The Supreme Court on Thursday gave the green light for a NIS 45 billion ($12.7 billion) class action against the private consortium that operates Israel’s only functioning natural gas production complex.
In ruling against the consortium’s appeal to reject the class action bid, the court also ordered it to pay legal costs of NIS 40,000 ($11,300), the Globes financial daily reported.
The petitioner, one Moshe Nazri — who like most Israelis, is a consumer of electricity — claims the companies are exploiting their monopoly over the Tamar gas field to charge the Israel Electric Corporation unfairly high prices.
Among the companies targeted by the suit, the biggest in Israel’s history, are Isramco, Dor Energy, Delek Drilling, Avner Oil & Gas Exploration, the Delek Group and US-based Noble Energy.
On the day he submitted his petition in June 2014, Nazri said the group was exploiting its position to charge the IEC $5.40 for a unit of gas-generated energy (mmbtu) when the real cost was $2.34.
Backed up by a professional opinion from an American expert on the gas economy, Prof. James Smith, Nazri claimed that this would reap for the consortium profits of some NIS 2 billion ($567 million) a year.

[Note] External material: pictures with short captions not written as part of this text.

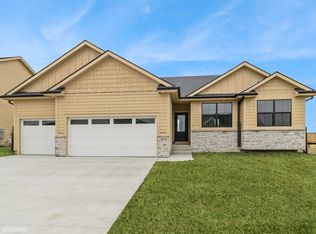 2806 NW Boulder Point Pl, Ankeny, IA 50023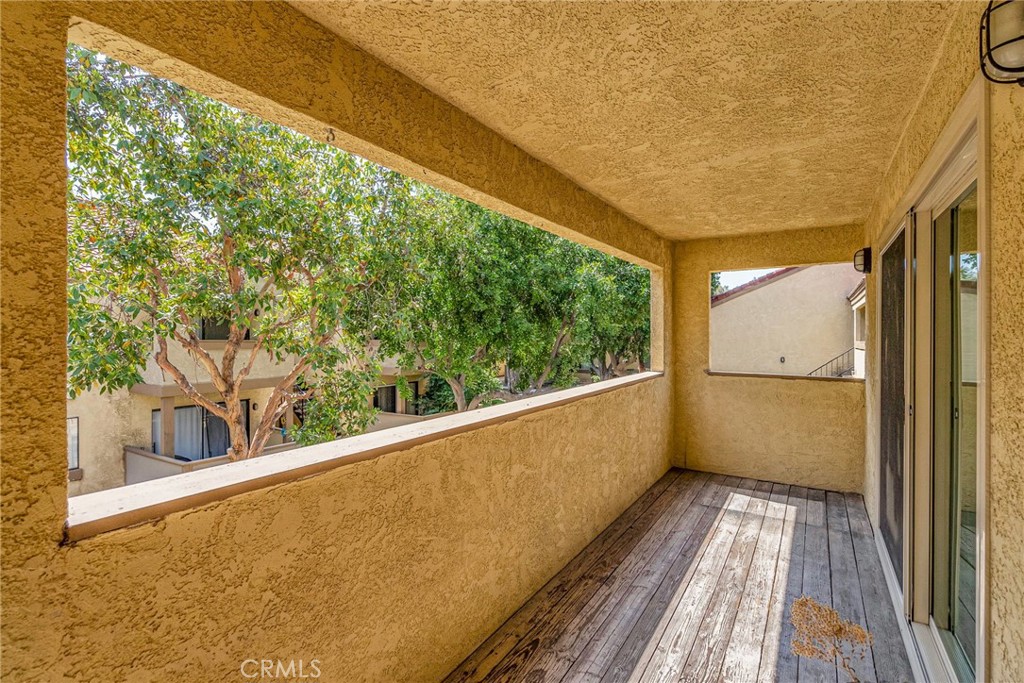 1140 W Blaine Street 201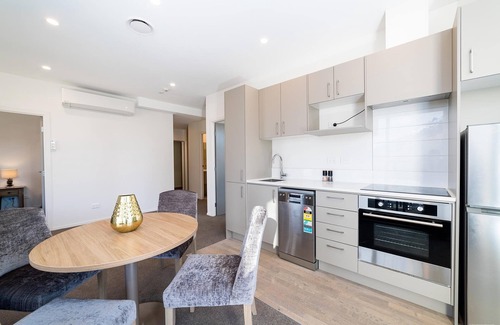 Frankton Apartment | Executive 2 Bedroom Apartment Remarkables Park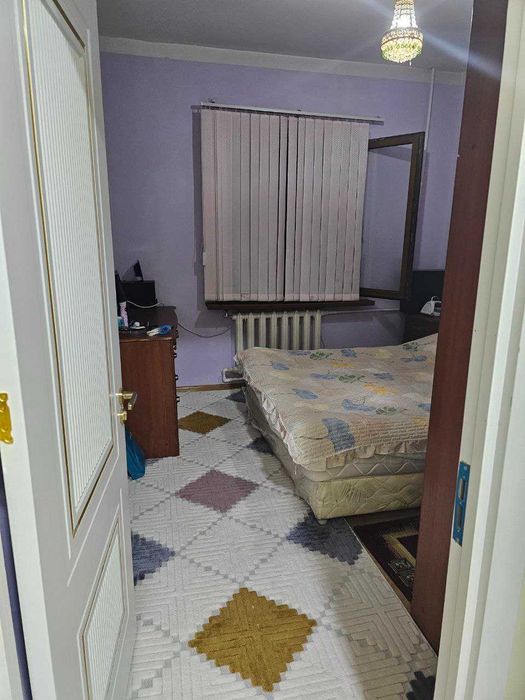 Срочно Продаю 2/2/4 кв квадратный коридор на карасу-1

Smith claimed, among other things, that the Tamar consortium was making a profit of around 57% a year on its investment.
After failing to convince the Tel Aviv District Court to throw out the request for a class action against it, the consortium appealed to the Supreme Court, which issued its ruling on Thursday.
Nazri’s lawyers Yitzhak Yaari and Gilad Barnea welcomed the court’s decision, saying it “removes one of the most significant legal obstacles on the way to compensating IEC consumers.
“In addition to the District Court, the Supreme Court also rejected the Tamar monopoly and the attorney general’s attempt to prevent a deep and thorough discussion about the fairness of the natural gas prices charged by the Tamar consortium.”
The court clarified that approval of the framework did not signify approval of the price.
“We are convinced that at the end of the legal process, it will be found that the Tamar monopoly is using its monopolistic power to charge the most excessive price for the natural gas that belongs to every citizen of Israel.”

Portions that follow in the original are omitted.